=== Records for this exercise ===
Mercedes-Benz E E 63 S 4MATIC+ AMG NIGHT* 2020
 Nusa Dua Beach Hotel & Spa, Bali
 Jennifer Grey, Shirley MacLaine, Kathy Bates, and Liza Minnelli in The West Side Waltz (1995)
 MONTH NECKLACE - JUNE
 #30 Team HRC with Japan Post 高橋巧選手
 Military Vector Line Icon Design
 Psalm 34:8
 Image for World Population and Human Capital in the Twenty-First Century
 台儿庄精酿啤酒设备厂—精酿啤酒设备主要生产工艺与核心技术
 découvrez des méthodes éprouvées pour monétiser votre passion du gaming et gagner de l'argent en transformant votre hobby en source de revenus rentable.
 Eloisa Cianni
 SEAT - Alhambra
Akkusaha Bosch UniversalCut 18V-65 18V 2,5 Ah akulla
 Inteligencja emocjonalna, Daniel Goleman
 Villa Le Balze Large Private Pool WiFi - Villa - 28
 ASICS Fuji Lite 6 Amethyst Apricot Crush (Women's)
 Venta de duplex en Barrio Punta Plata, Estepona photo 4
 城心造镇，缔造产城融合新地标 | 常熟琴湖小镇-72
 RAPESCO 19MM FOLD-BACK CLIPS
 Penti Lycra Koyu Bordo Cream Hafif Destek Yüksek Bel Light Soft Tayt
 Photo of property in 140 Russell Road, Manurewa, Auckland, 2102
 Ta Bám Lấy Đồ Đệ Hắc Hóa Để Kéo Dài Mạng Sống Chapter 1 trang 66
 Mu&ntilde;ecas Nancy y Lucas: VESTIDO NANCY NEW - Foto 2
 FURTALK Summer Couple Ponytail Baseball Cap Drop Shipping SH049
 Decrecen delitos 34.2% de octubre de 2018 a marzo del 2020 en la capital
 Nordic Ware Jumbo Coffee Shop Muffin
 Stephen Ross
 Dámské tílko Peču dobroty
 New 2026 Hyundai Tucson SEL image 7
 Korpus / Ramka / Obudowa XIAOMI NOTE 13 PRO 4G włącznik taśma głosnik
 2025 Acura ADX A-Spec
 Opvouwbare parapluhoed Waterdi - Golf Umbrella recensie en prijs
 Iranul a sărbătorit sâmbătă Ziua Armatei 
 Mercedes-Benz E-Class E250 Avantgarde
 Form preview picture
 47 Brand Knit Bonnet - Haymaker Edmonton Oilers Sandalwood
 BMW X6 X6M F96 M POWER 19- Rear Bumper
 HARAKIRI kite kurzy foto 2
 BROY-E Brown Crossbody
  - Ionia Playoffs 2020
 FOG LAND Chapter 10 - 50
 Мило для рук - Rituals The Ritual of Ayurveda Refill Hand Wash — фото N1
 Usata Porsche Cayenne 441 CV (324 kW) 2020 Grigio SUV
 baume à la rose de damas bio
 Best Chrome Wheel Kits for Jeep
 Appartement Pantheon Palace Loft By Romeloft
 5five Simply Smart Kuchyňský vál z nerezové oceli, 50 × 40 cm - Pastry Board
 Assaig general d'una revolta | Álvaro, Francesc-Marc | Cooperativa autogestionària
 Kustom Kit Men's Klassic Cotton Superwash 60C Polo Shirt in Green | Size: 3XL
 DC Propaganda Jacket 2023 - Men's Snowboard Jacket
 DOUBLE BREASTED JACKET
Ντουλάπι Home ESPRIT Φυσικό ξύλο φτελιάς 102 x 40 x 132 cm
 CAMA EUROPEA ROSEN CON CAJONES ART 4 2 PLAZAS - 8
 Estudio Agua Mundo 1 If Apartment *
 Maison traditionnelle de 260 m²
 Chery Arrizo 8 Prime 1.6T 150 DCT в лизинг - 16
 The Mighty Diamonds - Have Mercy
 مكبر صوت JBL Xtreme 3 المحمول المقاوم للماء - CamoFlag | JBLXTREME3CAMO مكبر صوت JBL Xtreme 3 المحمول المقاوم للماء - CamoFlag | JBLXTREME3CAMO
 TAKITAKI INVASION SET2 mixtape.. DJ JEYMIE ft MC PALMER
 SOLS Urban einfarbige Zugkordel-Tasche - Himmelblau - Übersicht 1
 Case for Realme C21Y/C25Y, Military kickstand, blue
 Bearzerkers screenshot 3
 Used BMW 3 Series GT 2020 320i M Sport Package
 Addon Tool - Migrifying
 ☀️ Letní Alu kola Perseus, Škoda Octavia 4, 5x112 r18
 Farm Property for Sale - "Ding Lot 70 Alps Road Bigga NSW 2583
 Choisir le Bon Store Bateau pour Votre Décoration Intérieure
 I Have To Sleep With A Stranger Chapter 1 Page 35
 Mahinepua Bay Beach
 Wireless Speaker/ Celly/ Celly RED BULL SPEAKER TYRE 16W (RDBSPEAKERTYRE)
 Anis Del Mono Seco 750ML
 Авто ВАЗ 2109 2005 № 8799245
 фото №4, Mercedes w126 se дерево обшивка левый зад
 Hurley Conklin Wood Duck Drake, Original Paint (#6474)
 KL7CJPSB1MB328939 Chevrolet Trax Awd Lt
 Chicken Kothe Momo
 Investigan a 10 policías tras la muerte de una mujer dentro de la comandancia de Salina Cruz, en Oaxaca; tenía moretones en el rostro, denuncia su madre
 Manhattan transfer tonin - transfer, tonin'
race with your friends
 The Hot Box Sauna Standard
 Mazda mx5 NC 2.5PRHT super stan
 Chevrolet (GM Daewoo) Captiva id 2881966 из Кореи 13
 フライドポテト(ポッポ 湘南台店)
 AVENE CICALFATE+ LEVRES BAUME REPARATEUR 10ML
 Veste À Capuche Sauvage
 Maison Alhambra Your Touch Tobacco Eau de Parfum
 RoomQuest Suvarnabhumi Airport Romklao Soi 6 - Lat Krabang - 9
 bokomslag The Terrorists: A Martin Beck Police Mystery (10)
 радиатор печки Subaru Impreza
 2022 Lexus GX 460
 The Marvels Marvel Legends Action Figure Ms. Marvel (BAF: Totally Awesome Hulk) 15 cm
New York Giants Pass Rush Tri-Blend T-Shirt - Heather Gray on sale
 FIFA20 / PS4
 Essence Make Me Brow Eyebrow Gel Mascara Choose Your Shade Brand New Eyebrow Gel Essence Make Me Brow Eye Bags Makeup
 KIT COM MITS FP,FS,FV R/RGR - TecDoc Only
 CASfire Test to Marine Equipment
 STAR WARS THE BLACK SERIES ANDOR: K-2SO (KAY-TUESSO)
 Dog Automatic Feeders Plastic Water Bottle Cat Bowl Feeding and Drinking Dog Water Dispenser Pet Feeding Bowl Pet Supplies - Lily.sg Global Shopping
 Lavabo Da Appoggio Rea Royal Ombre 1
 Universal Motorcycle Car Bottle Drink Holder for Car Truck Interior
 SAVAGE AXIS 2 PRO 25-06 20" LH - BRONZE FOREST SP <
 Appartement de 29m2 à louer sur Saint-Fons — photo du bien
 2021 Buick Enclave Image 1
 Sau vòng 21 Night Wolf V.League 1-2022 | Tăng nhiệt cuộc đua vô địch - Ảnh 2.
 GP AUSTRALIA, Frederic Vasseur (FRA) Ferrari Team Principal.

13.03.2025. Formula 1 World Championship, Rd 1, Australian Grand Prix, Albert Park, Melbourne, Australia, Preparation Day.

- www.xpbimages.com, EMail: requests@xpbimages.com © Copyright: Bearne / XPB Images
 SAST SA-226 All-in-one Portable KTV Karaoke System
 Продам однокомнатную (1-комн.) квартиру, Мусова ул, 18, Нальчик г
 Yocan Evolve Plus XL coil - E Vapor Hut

=== Problem to solve ===
Restate each of the entries above verbatim.

=== Response ===
Mercedes-Benz E E 63 S 4MATIC+ AMG NIGHT* 2020
 Nusa Dua Beach Hotel & Spa, Bali
 Jennifer Grey, Shirley MacLaine, Kathy Bates, and Liza Minnelli in The West Side Waltz (1995)
 MONTH NECKLACE - JUNE
 #30 Team HRC with Japan Post 高橋巧選手
 Military Vector Line Icon Design
 Psalm 34:8
 Image for World Population and Human Capital in the Twenty-First Century
 台儿庄精酿啤酒设备厂—精酿啤酒设备主要生产工艺与核心技术
 découvrez des méthodes éprouvées pour monétiser votre passion du gaming et gagner de l'argent en transformant votre hobby en source de revenus rentable.
 Eloisa Cianni
 SEAT - Alhambra
Akkusaha Bosch UniversalCut 18V-65 18V 2,5 Ah akulla
 Inteligencja emocjonalna, Daniel Goleman
 Villa Le Balze Large Private Pool WiFi - Villa - 28
 ASICS Fuji Lite 6 Amethyst Apricot Crush (Women's)
 Venta de duplex en Barrio Punta Plata, Estepona photo 4
 城心造镇，缔造产城融合新地标 | 常熟琴湖小镇-72
 RAPESCO 19MM FOLD-BACK CLIPS
 Penti Lycra Koyu Bordo Cream Hafif Destek Yüksek Bel Light Soft Tayt
 Photo of property in 140 Russell Road, Manurewa, Auckland, 2102
 Ta Bám Lấy Đồ Đệ Hắc Hóa Để Kéo Dài Mạng Sống Chapter 1 trang 66
 Mu&ntilde;ecas Nancy y Lucas: VESTIDO NANCY NEW - Foto 2
 FURTALK Summer Couple Ponytail Baseball Cap Drop Shipping SH049
 Decrecen delitos 34.2% de octubre de 2018 a marzo del 2020 en la capital
 Nordic Ware Jumbo Coffee Shop Muffin
 Stephen Ross
 Dámské tílko Peču dobroty
 New 2026 Hyundai Tucson SEL image 7
 Korpus / Ramka / Obudowa XIAOMI NOTE 13 PRO 4G włącznik taśma głosnik
 2025 Acura ADX A-Spec
 Opvouwbare parapluhoed Waterdi - Golf Umbrella recensie en prijs
 Iranul a sărbătorit sâmbătă Ziua Armatei 
 Mercedes-Benz E-Class E250 Avantgarde
 Form preview picture
 47 Brand Knit Bonnet - Haymaker Edmonton Oilers Sandalwood
 BMW X6 X6M F96 M POWER 19- Rear Bumper
 HARAKIRI kite kurzy foto 2
 BROY-E Brown Crossbody
  - Ionia Playoffs 2020
 FOG LAND Chapter 10 - 50
 Мило для рук - Rituals The Ritual of Ayurveda Refill Hand Wash — фото N1
 Usata Porsche Cayenne 441 CV (324 kW) 2020 Grigio SUV
 baume à la rose de damas bio
 Best Chrome Wheel Kits for Jeep
 Appartement Pantheon Palace Loft By Romeloft
 5five Simply Smart Kuchyňský vál z nerezové oceli, 50 × 40 cm - Pastry Board
 Assaig general d'una revolta | Álvaro, Francesc-Marc | Cooperativa autogestionària
 Kustom Kit Men's Klassic Cotton Superwash 60C Polo Shirt in Green | Size: 3XL
 DC Propaganda Jacket 2023 - Men's Snowboard Jacket
 DOUBLE BREASTED JACKET
Ντουλάπι Home ESPRIT Φυσικό ξύλο φτελιάς 102 x 40 x 132 cm
 CAMA EUROPEA ROSEN CON CAJONES ART 4 2 PLAZAS - 8
 Estudio Agua Mundo 1 If Apartment *
 Maison traditionnelle de 260 m²
 Chery Arrizo 8 Prime 1.6T 150 DCT в лизинг - 16
 The Mighty Diamonds - Have Mercy
 مكبر صوت JBL Xtreme 3 المحمول المقاوم للماء - CamoFlag | JBLXTREME3CAMO مكبر صوت JBL Xtreme 3 المحمول المقاوم للماء - CamoFlag | JBLXTREME3CAMO
 TAKITAKI INVASION SET2 mixtape.. DJ JEYMIE ft MC PALMER
 SOLS Urban einfarbige Zugkordel-Tasche - Himmelblau - Übersicht 1
 Case for Realme C21Y/C25Y, Military kickstand, blue
 Bearzerkers screenshot 3
 Used BMW 3 Series GT 2020 320i M Sport Package
 Addon Tool - Migrifying
 ☀️ Letní Alu kola Perseus, Škoda Octavia 4, 5x112 r18
 Farm Property for Sale - "Ding Lot 70 Alps Road Bigga NSW 2583
 Choisir le Bon Store Bateau pour Votre Décoration Intérieure
 I Have To Sleep With A Stranger Chapter 1 Page 35
 Mahinepua Bay Beach
 Wireless Speaker/ Celly/ Celly RED BULL SPEAKER TYRE 16W (RDBSPEAKERTYRE)
 Anis Del Mono Seco 750ML
 Авто ВАЗ 2109 2005 № 8799245
 фото №4, Mercedes w126 se дерево обшивка левый зад
 Hurley Conklin Wood Duck Drake, Original Paint (#6474)
 KL7CJPSB1MB328939 Chevrolet Trax Awd Lt
 Chicken Kothe Momo
 Investigan a 10 policías tras la muerte de una mujer dentro de la comandancia de Salina Cruz, en Oaxaca; tenía moretones en el rostro, denuncia su madre
 Manhattan transfer tonin - transfer, tonin'
race with your friends
 The Hot Box Sauna Standard
 Mazda mx5 NC 2.5PRHT super stan
 Chevrolet (GM Daewoo) Captiva id 2881966 из Кореи 13
 フライドポテト(ポッポ 湘南台店)
 AVENE CICALFATE+ LEVRES BAUME REPARATEUR 10ML
 Veste À Capuche Sauvage
 Maison Alhambra Your Touch Tobacco Eau de Parfum
 RoomQuest Suvarnabhumi Airport Romklao Soi 6 - Lat Krabang - 9
 bokomslag The Terrorists: A Martin Beck Police Mystery (10)
 радиатор печки Subaru Impreza
 2022 Lexus GX 460
 The Marvels Marvel Legends Action Figure Ms. Marvel (BAF: Totally Awesome Hulk) 15 cm
New York Giants Pass Rush Tri-Blend T-Shirt - Heather Gray on sale
 FIFA20 / PS4
 Essence Make Me Brow Eyebrow Gel Mascara Choose Your Shade Brand New Eyebrow Gel Essence Make Me Brow Eye Bags Makeup
 KIT COM MITS FP,FS,FV R/RGR - TecDoc Only
 CASfire Test to Marine Equipment
 STAR WARS THE BLACK SERIES ANDOR: K-2SO (KAY-TUESSO)
 Dog Automatic Feeders Plastic Water Bottle Cat Bowl Feeding and Drinking Dog Water Dispenser Pet Feeding Bowl Pet Supplies - Lily.sg Global Shopping
 Lavabo Da Appoggio Rea Royal Ombre 1
 Universal Motorcycle Car Bottle Drink Holder for Car Truck Interior
 SAVAGE AXIS 2 PRO 25-06 20" LH - BRONZE FOREST SP <
 Appartement de 29m2 à louer sur Saint-Fons — photo du bien
 2021 Buick Enclave Image 1
 Sau vòng 21 Night Wolf V.League 1-2022 | Tăng nhiệt cuộc đua vô địch - Ảnh 2.
 GP AUSTRALIA, Frederic Vasseur (FRA) Ferrari Team Principal.

13.03.2025. Formula 1 World Championship, Rd 1, Australian Grand Prix, Albert Park, Melbourne, Australia, Preparation Day.

- www.xpbimages.com, EMail: requests@xpbimages.com © Copyright: Bearne / XPB Images
 SAST SA-226 All-in-one Portable KTV Karaoke System
 Продам однокомнатную (1-комн.) квартиру, Мусова ул, 18, Нальчик г
 Yocan Evolve Plus XL coil - E Vapor Hut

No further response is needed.